── Data
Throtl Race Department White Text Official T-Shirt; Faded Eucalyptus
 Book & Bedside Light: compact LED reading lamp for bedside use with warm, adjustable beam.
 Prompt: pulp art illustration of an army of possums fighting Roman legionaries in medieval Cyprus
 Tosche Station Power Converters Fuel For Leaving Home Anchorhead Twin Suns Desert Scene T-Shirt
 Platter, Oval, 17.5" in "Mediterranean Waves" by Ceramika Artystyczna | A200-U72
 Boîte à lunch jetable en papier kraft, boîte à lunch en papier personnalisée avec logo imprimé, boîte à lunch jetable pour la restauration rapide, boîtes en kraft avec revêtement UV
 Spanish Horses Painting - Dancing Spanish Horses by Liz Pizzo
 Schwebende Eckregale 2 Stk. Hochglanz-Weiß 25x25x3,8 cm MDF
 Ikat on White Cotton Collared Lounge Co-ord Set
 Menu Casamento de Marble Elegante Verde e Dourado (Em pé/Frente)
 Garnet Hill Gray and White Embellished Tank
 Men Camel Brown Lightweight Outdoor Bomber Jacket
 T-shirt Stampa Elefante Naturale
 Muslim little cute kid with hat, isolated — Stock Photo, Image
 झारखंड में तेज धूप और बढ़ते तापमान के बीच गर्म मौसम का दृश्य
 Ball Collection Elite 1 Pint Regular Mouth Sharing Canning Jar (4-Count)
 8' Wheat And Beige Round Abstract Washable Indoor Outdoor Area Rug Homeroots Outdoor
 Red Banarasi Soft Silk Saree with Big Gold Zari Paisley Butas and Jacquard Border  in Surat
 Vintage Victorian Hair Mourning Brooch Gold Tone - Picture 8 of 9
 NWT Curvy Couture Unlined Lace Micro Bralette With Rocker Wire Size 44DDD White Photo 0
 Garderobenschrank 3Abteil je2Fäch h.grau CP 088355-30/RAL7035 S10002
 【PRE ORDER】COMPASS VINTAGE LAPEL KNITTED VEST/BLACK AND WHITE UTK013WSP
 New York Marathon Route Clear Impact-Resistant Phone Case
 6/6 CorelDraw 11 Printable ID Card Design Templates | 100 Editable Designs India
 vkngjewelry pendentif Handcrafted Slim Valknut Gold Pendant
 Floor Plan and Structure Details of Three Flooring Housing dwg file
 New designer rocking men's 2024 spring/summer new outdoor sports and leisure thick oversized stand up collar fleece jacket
────
**About this task:** In the material above, please find every line that includes the word "Photo" and copy it.

**Task response:**
 Muslim little cute kid with hat, isolated — Stock Photo, Image
 NWT Curvy Couture Unlined Lace Micro Bralette With Rocker Wire Size 44DDD White Photo 0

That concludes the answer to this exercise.